神の子は王となり人々の生活を守り助けました。神の子とはいえ人の子、つまり半神なので不死ではありません。
そして、不思議な力と様々な仕組みを作り
国を治めました。
王の名は「ジース」天空の神を父に持つ彼は天気を知ることができました。
自然災害など、予知する事が出来たので学者や呪術師(祭り事を行う人、シャーマンなど)達に支持されました。
また、バランスのとれた能力の持ち主で
武芸、学識、芸術、術式と満遍なくこなしました。人当たりも良く「スマート」というより「クレバー」という言葉が似合う人でした。そして、妃であるライラは農家の出身で先の「嫁取り」では料理の種目で一位を取った程の腕前である、それは彼女の努力の結晶なのですが、この「嫁取り」の話はまた別の機会にお話しします。
そんなおしどり夫婦な王と王妃が治る国は
ゆっくりと、ゆったりと発展していきました。そんなある日、父である天空の神より使いが現れ予言と使命を王に授けたのでした。
予言は
「大地のヘソの底の裏側から宝石を飲み込んだ獣が暴れ出し世界を沈めるだろう」
というもので使命は「予言を阻止する」というものでした。
王は困り、妃のライラに愚痴をこぼします。
「参ったよ、父さんが予言する事は大体当たるんだよね。昔、英雄ヘラクレスが12の難行をやり遂げたって話だけど。俺は天気予報が出来るくらいだし、一応兄弟になるのかも知れないが、時代も力量も違うのに…なんでこんな使命を与えられるんだろう?」
ライラは「あなたには、みんなを導く先見の明があるわ。元気出して…」
しばしの沈黙の後に「あ、オリエントに相談してみたら?大体の事はなんとかしてくれると思うよ?」
その言葉を聞き、王は胸を撫で下ろした様に
「そうだなぁ、彼ならなんとかしてくれるなぁ…ははっ。久しく会ってなかったけど、みんな元気でいるかなぁ?」
「オリエント」とはこの国が出来る前からある技術屋集団の事で、この集団の長、棟梁はライラの父に当たります。王からしてみれば義父です。現在は代替わりして2代目です。

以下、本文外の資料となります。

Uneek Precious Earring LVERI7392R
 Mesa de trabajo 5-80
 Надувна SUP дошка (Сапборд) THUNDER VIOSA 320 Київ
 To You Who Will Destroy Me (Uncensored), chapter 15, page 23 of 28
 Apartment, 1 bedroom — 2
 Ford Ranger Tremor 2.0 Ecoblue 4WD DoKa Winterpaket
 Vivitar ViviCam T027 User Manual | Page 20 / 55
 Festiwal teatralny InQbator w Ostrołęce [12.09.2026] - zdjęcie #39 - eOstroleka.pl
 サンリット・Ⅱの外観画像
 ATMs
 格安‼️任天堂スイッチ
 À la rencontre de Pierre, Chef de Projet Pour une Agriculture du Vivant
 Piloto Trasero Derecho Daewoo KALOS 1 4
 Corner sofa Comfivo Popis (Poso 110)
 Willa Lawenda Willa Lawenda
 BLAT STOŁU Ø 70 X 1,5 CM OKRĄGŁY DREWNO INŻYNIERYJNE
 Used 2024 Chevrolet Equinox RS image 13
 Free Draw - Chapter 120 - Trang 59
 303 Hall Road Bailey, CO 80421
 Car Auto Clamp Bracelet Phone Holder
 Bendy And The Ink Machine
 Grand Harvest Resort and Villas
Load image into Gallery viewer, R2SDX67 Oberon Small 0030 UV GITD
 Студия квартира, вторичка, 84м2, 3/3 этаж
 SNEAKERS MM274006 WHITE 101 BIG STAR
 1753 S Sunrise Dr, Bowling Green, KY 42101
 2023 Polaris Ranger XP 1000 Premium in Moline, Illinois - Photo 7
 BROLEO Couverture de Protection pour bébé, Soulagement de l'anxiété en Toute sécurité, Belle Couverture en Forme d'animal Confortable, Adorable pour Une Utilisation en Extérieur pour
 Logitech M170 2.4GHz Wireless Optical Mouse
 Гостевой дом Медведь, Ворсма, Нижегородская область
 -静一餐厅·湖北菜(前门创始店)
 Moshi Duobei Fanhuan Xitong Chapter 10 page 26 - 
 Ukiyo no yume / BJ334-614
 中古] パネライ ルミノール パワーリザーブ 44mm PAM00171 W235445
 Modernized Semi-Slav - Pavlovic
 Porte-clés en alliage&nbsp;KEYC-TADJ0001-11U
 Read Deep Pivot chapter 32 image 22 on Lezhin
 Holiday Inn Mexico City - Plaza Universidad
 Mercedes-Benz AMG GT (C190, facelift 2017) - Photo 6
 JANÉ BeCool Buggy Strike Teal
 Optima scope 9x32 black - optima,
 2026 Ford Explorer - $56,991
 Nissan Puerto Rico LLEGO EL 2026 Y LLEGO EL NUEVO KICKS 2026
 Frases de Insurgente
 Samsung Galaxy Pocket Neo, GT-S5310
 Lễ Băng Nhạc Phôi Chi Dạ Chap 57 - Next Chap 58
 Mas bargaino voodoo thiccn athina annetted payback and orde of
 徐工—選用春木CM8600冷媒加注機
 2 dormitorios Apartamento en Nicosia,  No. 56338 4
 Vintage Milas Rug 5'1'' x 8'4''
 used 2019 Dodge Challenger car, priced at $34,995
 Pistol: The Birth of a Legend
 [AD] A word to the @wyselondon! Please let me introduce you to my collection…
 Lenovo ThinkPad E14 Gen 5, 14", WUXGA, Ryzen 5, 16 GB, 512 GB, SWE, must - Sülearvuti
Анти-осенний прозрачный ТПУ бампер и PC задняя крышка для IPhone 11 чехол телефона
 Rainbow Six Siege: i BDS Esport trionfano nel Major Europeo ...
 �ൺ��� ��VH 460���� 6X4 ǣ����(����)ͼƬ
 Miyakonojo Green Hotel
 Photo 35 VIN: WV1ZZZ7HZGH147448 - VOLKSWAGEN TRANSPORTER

そして、この時代の人間は寿命が長く現代の人間と比べて10倍くらい長く生きました…ただし生き延びれたら…になります。
生き延びるには、食事をしないといけないので狩、採集、生活用品を作るなど様々な事が必要でした。国がまだ出来ていない頃には狩が出来ない者は、死を覚悟しなくてはいけませんでした。ですがジースがアイディアをまとめて貨幣を流通させる事により狩が出来ないものも食事を取る術を手に入れました。
この様な経緯があり「ジース」は王になったのでした。